As with many agencies here in the United States, GO Transit’s trains run on freight lines. The majority of those lines belong to Canadian National (CN) Railway, with the rest belonging to Canadian Pacific (CP) Railway. Using the freight lines for your service often means being at their mercy when push comes to shove, and for GO, whose trains are also operated and dispatched by CN employees, things can get … tense.
“It’s a strained partnership. Like in the States, it’s the same really up here in Canada. The freight railways, we’re not their main business,” McNeil says.
“Even though we provide them with a fairly good revenue stream for railway access fees and crew overhead and things like that, their main business is moving freight. I sometimes jokingly say, but there is probably a certain amount of reality in there, the freight railways wish we would go away because we interfere with their trains.
“So it is a strained relationship. We realize that there are certain things that have a major impact on us.”
McNeil says that while GO doesn’t necessarily interfere with CN’s trains, they do fill most every block during the rush hour period.
Adding to this tension is that as of the time of this interview CN operators were currently on strike.

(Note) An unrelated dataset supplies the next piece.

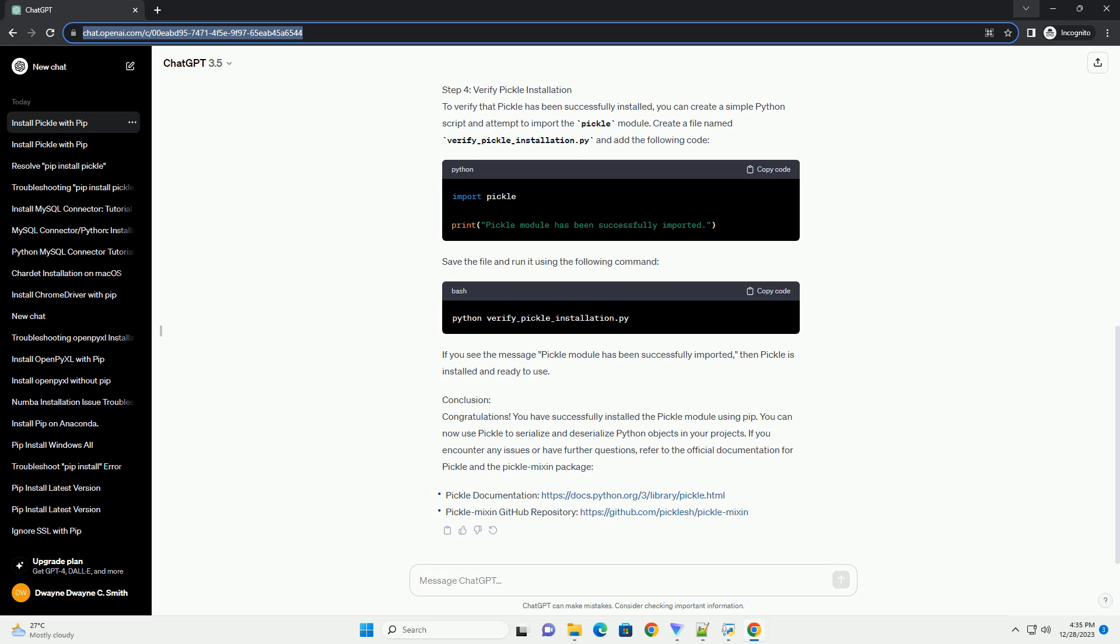Conclusion: Congratulations! You have successfully installed the pickle module using pip. You can now use pickle to serialize and deserialize Python objects in your projects. If you encounter any issues or have further questions, refer to the official documentation for pickle and the pickle mixin package.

Both CN and the workers’ union, the United Transportation Union (UTU), have pledged to not let the strike effect GO service (and so far it hasn’t); there is always that potential for the trains to stop. And in fact it did happen about a decade ago when GO service was halted for nearly two weeks. To forestall this sense of helplessness, GO has begun a process of taking control of its rail lines and locomotives.

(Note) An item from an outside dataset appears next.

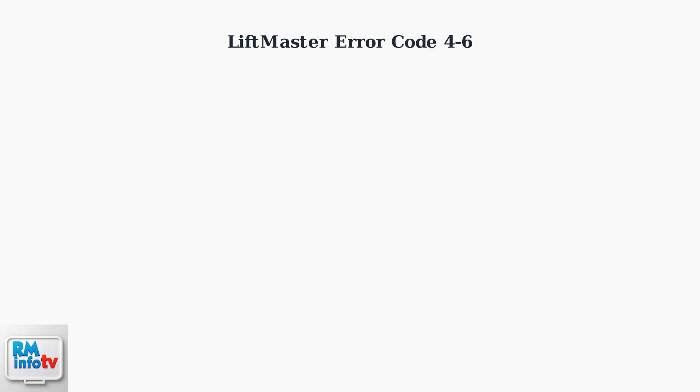LiftMaster Error Code 4-6 is one of the most common issues garage door owners encounter. This error specifically indicates a problem with your garage door's safety sensors.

“We’ve gone aggressively to buy any rail corridor that the railways are interested in getting rid of. And we now own about one-third of the tracks we operate on,” McNeil says.
“As the railways start to rationalize their own services and get down to defined corridors, if they’ve got a corridor where they are only running a few freight trains on, then we say to them well we’ll buy it and you can still run your freight train on it, but it allows us to do the maintenance on it to the level we would expect and provides as much service on it as we can.